July 8, 2010

Healthy Chinese Finger Food



You may have noticed I've taken a break from making my tasty three-fruit salad every morning. It's not for lack of inspiration, but I've really only been eating one fruit - red grapes. I just can't get enough! Breakfast, snack, dessert.... I even roasted them with dinner last night. I don't remember liking them this much before baby, so I guess this would be considered my first pregnancy craving. Not as traditional as pickles and ice cream, but much healthier!

Another food I have been craving a lot is Chinese, especially egg rolls. They are so tasty, but terribly fatty - deep fried, full of ground pork, and incomplete without that sticky sweet sauce. I really wanted to eat them without feeling like crap afterward, so I edited them down to the best bits and made a version I'm not afraid to indulge in every week. I hope it satisfies your craving too.

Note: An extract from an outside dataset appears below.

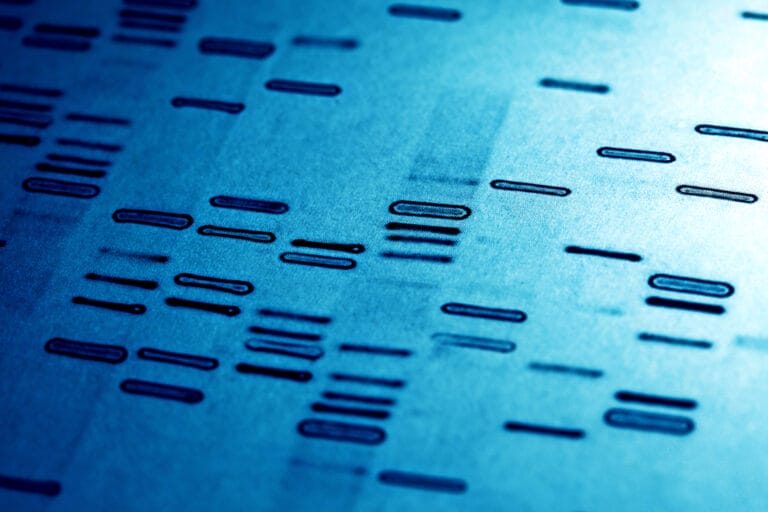 Dna Fingerprints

Five-Spice Mushroom Egg Rolls
1 tsp. olive oil
2 medium shallots, minced
6 oz chopped brown mushrooms (about 1 1/2 cups)
1 cup chopped green cabbage
1 clove garlic, minced
1/2 tsp. Chinese 5-Spice powder
4 oz firm tofu, crumbled
1 Tbsp. tamari, or to taste
6 egg roll wrappers (find them in the produce section)
1 Tbsp melted butter or olive oil

Dipping Sauce
1/2 cup mango chutney or apricot preserves
2 Tbsp. apple cider vinegar


1. Preheat oven to 425

2. Heat the oil in a large saute pan over medium high heat. Add the shallots, mushrooms, and cabbage and cook until the mushrooms have released their water and cooked down a bit, about 8 minutes. Add garlic, 5-spice powder, and tofu, and saute 1-2 minutes longer. Remove from heat and stir in tamari.

3. Fill the wrappers like a burrito, placing about 1/4 to 1/3 cup in the center. Fold the bottom corner over the filling, fold the sides in, and roll it over the top corner. Seal the flap with a dab of water and set aside on a baking sheet. Repeat with remaining wrappers and filling.

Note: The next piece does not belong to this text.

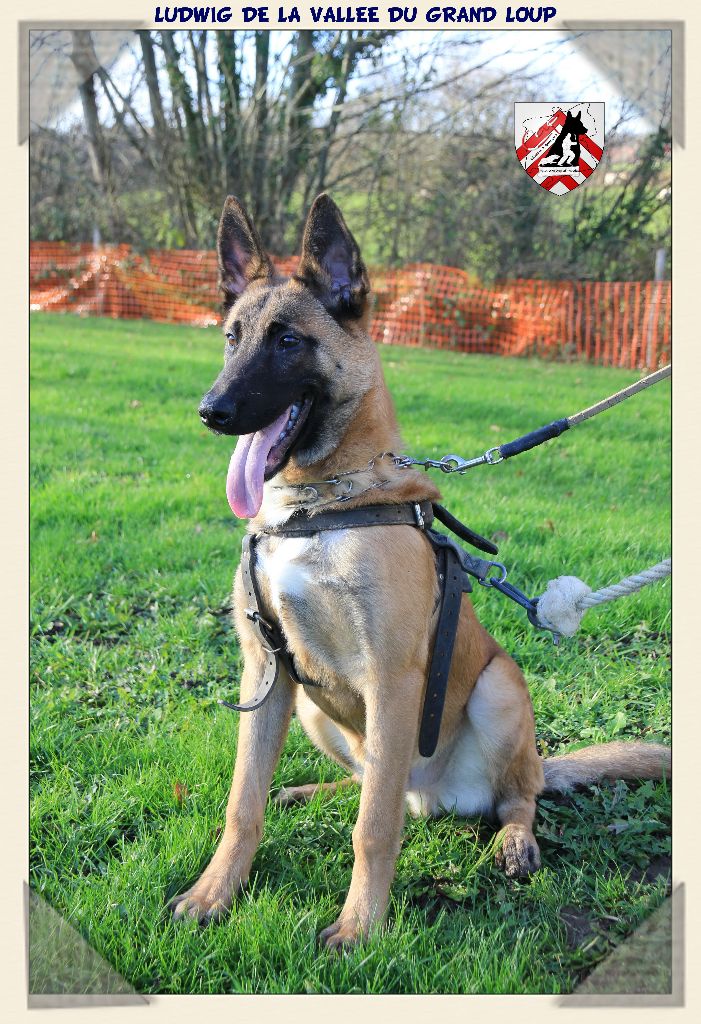 Publication : of Halloween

4. Brush the egg rolls with melted butter or oil and bake for 8-10 minutes, or until browned on one side. Flip them over and return to oven until browned on all sides, about 5 minutes more. Remove and allow to cool while you mix the sauce. These are lava-hot when they come out of the oven, so be sure to let them cool a bit.


These tasty rolls make an excellent appetizer for an at-home Chinese dinner, or can be a complete meal when served with my Asian Cabbage Salad. Now I just have to find a way to incorporate red grapes....


1 comment:

  1. I cannot wait to make these! While I am in love with mushrooms, my husband is highly allergic. Do you have any suggestions for second type of egg roll that I can make so that he won't be left out on our next Chinese food night?